When the baby chard came home from the farm I thought, “Oh no. Cooked greens.” Chard has always seemed like an especially nasty member of the cooked green family. The leaves look big and tough, and the name “chard” sounds like it should be scraped off the walls of the fireplace. Not cool. But Schnookie found a deceptive way to serve it: in pasta with scape pesto with grape tomatoes. It’s like she knows all my weaknesses! Even more than that, though, she only made enough chard for her bowl, serving me a chardless dish. Because I don’t take my Picky Eating duties lightly, I made sure to ask for a bite of hers, fully preparing to gack it down and then relievedly go back to my less green, more pasta-colored bowl. The problem was, it was tasty. The flavor wasn’t the mineral-y spinach flavor I was expecting. Instead it just tasted… Well, for lack of a better description, it tasted like it was good for me. In a good way. It tasted like my liver was saying, “Ahhhh… Something besides beer, cheese, and pizza grease!” Suddenly my less green, more pasta-colored bowl looked depressingly dour. Fortunately, the farm has a lot of baby chard to go around, so this dish was served up several more times. I won’t lie and say I ate every bit of chard on my plate, but I’d still give it four stars out of five*.

*(I don’t doubt that the powerful scape pesto contributed a great deal to my liking the baby chard. Between the toothy noodles and the grape tomatoes, the chard was never the dominate element of any single bite of dinner.)

The Bad: Beets

OK, that “The Bad” is a little misleading — I didn’t actually try these beets. I hear they’re excellent, but here’s the deal: beets scare me. They’re so meaty looking. They look like they taste dark, and thick, and heavy. I’ve also tried a few the last few years and they’ve always tasted like dark, thick, heavy steam no matter how they’re cooked. My freshman year roommate at NYU used to steam broccoli all the time and I grew to really dislike the smell of steamed veggies. Beets look like they taste like someone injecting the smell of steamed veggies directly into my brain. For this reason I’m holding out on the beets until there are some from our garden. The first year of the garden we grew Chioggia beets. The red-and-white spiral bull’s-eye beets don’t look dark, thick, and heavy. They look like candy! I would say this is a violation of the Picky Eating With Pookie rules, but I make the rules so no Farm beets! (I should also point out that Beet Night is Wednesday when I’m at work. Schnookie cooks up some beets to snack on while I slave away at the library. So even if I wanted them I’m out of luck.
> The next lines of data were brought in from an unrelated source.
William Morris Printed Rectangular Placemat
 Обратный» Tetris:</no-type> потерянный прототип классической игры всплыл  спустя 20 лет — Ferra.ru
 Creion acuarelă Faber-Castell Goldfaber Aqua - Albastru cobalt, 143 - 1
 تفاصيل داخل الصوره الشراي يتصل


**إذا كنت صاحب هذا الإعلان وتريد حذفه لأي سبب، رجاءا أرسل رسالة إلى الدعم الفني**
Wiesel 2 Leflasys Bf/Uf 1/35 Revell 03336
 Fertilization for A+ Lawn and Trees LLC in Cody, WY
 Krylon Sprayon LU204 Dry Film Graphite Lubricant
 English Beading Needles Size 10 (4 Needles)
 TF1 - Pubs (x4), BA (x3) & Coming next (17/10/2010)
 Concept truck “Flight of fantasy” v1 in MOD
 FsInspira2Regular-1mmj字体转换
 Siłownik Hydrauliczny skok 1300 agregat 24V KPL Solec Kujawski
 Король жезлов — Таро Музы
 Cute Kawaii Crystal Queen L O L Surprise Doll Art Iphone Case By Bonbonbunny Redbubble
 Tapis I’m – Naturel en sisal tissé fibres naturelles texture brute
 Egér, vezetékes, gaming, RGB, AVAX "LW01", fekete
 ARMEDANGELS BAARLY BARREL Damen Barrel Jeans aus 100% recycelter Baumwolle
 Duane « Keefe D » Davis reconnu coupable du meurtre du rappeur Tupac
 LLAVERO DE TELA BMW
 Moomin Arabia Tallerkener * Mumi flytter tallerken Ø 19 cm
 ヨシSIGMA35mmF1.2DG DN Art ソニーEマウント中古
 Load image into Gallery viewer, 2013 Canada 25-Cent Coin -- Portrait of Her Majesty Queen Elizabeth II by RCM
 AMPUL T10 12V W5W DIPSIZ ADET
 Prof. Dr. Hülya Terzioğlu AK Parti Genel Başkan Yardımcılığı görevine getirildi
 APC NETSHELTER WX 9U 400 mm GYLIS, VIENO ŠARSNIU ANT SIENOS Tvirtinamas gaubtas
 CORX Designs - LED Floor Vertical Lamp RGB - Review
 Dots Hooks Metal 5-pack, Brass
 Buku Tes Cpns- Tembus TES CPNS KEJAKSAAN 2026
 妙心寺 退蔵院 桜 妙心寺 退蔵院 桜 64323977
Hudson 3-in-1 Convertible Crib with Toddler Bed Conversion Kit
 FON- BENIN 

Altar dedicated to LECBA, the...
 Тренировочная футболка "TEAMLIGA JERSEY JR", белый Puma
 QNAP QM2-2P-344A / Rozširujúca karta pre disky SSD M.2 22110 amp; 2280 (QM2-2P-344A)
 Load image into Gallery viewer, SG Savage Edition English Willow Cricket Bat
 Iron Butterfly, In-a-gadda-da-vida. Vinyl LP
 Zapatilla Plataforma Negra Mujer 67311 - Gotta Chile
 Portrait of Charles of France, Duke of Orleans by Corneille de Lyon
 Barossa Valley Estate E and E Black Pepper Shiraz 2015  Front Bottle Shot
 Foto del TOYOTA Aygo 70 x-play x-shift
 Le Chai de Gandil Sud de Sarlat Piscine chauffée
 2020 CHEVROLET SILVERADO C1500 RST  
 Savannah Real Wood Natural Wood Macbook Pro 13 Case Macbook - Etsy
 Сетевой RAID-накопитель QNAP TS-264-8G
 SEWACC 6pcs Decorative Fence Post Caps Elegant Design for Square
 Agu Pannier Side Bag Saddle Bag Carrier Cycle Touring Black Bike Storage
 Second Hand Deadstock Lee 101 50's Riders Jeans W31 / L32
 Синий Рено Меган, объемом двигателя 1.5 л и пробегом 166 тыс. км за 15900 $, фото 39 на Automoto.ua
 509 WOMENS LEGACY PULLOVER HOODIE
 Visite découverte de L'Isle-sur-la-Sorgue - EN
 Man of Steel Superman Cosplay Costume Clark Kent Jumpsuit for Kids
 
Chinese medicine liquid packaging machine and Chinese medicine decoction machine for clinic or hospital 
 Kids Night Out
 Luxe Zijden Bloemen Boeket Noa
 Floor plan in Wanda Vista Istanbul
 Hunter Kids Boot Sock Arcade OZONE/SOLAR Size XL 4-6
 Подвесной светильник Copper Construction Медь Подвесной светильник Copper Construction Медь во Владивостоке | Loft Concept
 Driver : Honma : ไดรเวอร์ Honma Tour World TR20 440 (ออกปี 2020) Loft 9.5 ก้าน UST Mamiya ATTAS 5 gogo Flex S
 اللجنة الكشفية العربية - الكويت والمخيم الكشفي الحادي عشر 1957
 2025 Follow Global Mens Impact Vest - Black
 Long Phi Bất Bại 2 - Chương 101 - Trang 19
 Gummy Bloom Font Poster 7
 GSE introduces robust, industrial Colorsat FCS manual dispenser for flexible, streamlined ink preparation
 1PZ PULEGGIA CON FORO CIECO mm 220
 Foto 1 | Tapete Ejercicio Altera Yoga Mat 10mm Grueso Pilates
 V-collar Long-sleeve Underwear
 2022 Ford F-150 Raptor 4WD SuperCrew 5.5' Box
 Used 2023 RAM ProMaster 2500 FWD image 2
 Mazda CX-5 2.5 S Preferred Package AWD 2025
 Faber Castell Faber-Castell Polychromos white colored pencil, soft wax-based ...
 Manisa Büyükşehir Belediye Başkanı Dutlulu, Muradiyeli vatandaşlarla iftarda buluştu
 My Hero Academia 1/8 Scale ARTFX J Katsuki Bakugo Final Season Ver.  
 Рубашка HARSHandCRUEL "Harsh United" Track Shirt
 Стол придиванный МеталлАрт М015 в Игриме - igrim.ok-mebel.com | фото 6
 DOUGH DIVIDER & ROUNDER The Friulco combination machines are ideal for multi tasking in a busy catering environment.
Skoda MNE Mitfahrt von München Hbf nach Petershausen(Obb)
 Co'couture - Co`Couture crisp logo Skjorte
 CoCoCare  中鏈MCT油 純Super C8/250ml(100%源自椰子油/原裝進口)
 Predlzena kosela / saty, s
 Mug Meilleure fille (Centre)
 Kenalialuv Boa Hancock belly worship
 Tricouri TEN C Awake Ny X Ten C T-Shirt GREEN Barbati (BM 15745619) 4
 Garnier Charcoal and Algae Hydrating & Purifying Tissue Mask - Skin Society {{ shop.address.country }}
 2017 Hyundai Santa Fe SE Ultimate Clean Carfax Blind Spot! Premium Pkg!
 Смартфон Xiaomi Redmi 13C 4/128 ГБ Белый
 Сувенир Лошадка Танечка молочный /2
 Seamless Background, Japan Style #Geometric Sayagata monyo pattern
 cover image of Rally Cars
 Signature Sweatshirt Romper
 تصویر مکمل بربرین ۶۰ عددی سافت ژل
Because Schnookie could never prepare them on another night, shut up!)

The Ugly: Corn

For a Jersey girl, I’m pretty conflicted when it comes to corn. I’m a big fan of it when it’s a supporting member of the cast, like if it’s in a black bean/red onion/corn salsa, or if it’s in a hearty soup or chili. But thanks to hating shucking it as a child (I’m a wimp and hated pulling off the husks and finding big mealy worm things) and thanks to not liking how messy corn on the cob is, I’ve never been a big fan of corn on its own. Even when we grew it in the garden and could eat fresh corn literally five minutes after it was picked, I was still a little underwhelmed. Boiled corn has, in the past, tasted a little too mushy, a little too wet, a little too dull for me.

This has been a-okay with the other members of the house. For all that Boomer and Schnookie try to encourage me on the picky eating front, the one thing they leave suspiciously alone is my disinterest in corn. This is the time of year when Schnookie will stop on her way home from work and pick up a few ears to be served cut off the cob and slathered with butter as a side dish to whatever’s for dinner. I’ve been content to let Boomer and Schnookie split the corn haul in half, much to their delight. Boomer, in particular, loves her some corn. If you look outside when she’s taking the cobs to the compost, you’ll see her gnawing on them to get every last bit of corny goodness out of them.

Thursday night, though, I decided I should try the corn again, my annual summer admittance that I live in Jersey and should therefore eat corn. I was stunned to discover that it wasn’t the dull flavor I remembered. This corn was bright and sunny and buttery and delicious. It wasn’t too mushy, but it also wasn’t the tough on-the-cob stuff I remembered getting stuck in my teeth when I was little. It was deeeelicious, five stars out of five! Boomer and Schnookie? Were not pleased to have to share with me last night. If my corn renaissance continues, things could get ugly.